A ce niveau-là, cela devient franchement désespéré mais l’UEFA assure que 80% des billets alloués aux sponsors sont redistribués aux supporters par le biais de concours. Je doute un peu que le chiffre soit vraiment aussi élevé mais cela ne coûte rien d’essayer.

Les pistons

A chaque fois, on nous assure que les faveurs ont été limitées, que les invitations ont été réduites etc. Et pourtant, il y a toujours des passe-droits en veux-tu, en-voilà. Les 20% de places qui ne sont allouées ni au public ni aux fédérations ni au programme d’hospitalité passent bien quelque part. Tant mieux pour toi si tu fais partie de cette catégorie de privilégié.

Les Public Viewing

Pour ceux qui ne trouveront pas de billets, il reste les Public Viewing, les fantastiques Fans Fest de la Coupe du Monde allemande, c’est-à-dire la diffusion des matches sur écrans géants, entourés d’animations, concerts, discos et autres stands… On doute que la Suisse puisse faire aussi bien que ses voisins germaniques, qui ont vraiment placé la barre très haut. Ce n’est pas tellement la taille plus modeste des Public Viewing en Suisse qui risque de poser problème, au contraire : on a mieux aimé les Fans Fest conviviales et relativement modestes (environ 20’000 personnes) de l’Augustusplatz de Leipzig ou de la Friedensplatz de Dortmund que la kolossale Fan Meile berlinoise et ses 800’000 spectateurs amassés devant la Porte de Brandebourg pour applaudir les exploits de la Nationalmannschaft.
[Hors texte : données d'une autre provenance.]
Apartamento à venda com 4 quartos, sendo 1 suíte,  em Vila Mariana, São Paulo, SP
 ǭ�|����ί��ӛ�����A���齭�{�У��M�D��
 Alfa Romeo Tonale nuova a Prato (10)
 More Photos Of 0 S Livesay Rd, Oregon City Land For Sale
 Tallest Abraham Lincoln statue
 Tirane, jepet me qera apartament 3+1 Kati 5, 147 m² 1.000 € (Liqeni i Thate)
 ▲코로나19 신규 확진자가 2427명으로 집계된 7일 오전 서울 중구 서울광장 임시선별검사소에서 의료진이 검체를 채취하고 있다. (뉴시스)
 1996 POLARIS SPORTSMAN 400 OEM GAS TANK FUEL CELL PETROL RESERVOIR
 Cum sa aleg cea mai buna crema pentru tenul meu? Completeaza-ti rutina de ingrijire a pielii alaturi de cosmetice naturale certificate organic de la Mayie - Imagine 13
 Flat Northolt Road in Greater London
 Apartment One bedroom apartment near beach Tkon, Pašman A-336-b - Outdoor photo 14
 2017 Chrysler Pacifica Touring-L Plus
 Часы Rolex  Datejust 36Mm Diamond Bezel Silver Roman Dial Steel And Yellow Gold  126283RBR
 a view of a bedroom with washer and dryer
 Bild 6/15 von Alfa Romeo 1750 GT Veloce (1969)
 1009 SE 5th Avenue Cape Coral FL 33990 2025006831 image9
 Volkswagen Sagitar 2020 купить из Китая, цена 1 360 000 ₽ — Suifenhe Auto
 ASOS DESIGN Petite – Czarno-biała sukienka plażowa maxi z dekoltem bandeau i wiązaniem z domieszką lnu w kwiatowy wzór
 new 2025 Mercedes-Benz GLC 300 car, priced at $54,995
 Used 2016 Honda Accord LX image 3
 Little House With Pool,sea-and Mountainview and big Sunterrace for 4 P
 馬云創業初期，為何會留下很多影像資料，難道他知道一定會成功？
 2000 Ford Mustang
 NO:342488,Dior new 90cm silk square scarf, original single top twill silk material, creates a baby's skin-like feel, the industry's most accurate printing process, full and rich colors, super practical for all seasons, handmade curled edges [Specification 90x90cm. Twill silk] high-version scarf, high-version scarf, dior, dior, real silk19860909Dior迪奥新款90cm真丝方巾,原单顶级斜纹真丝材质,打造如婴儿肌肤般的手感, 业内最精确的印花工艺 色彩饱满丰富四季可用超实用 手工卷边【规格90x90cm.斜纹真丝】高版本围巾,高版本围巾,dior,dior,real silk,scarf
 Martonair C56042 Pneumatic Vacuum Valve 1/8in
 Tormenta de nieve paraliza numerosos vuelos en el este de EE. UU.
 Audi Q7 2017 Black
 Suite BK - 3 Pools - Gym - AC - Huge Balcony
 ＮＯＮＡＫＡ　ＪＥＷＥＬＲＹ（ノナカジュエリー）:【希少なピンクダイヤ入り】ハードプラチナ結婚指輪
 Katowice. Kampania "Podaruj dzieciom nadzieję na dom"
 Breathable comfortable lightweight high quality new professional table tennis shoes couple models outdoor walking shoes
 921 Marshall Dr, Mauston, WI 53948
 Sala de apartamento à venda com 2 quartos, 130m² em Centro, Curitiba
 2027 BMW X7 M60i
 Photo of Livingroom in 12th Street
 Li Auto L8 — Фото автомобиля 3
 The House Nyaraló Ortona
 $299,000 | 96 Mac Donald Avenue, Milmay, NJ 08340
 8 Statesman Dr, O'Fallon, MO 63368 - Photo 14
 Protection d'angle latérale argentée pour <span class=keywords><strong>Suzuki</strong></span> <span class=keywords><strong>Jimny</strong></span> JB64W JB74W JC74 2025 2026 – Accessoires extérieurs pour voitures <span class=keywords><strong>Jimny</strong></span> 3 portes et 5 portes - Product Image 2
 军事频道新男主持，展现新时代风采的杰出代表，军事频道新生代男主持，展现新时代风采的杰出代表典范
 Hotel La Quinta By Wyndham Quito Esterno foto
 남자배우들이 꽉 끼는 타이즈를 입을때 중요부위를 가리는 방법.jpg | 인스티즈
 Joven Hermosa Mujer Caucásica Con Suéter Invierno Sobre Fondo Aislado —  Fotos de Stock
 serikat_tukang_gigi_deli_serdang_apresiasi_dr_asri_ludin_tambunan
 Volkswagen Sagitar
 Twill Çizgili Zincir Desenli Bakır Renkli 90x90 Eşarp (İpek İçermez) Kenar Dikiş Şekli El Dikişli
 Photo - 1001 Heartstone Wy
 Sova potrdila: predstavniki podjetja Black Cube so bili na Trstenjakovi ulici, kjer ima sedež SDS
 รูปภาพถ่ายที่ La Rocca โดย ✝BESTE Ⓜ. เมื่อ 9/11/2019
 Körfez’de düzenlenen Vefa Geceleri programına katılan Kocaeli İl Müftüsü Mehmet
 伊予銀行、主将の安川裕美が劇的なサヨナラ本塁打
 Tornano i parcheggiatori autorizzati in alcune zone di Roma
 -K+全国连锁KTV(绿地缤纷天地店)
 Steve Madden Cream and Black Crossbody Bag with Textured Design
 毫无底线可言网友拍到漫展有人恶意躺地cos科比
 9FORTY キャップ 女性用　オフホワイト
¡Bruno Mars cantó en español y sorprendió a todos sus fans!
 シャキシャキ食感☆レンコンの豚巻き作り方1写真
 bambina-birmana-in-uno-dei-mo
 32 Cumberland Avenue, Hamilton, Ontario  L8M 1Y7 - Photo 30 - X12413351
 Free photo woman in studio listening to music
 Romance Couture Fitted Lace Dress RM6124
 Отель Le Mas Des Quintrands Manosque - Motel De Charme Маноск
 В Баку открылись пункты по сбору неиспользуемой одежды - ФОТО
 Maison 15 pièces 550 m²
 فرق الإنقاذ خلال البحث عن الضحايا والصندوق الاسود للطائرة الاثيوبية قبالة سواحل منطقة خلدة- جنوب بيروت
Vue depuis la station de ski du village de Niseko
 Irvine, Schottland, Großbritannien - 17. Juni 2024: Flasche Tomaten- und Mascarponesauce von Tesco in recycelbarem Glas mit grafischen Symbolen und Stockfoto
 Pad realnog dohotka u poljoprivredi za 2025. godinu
Par contre, ce qui risque de coincer en Suisse, c’est le manque d’ouverture de nos autorités : je doute que l’on puisse faire, comme en Allemagne, en plein centre ville et tous les soirs de semaine, des concerts, discos et gigantesques beuveries jusqu’à 2-3 heures du matin.


Fan Fest à Berlin

Autre souci : la Suisse veut éparpiller ces manifestations dans tout le pays et pas seulement dans les villes hôtes. Le risque c’est que l’on va multiplier les fêtes locales, qui auraient pu avoir lieu la même chose même si l’Euro s’était joué en Ukraine ou en Pologne, sans avoir ces foules hétéroclites et bigarrées de supporters du monde entier que l’on retrouvait dans les Fans Fest allemandes. Je pense donc que pour vivre pleinement cette grande fête populaire que sera l’Euro, il faudra se déplacer dans les villes hôtes. Avec ou sans billet pour les matches. Avec de préférence mais comme cela vient d’être démontré, ce n’est pas gagné.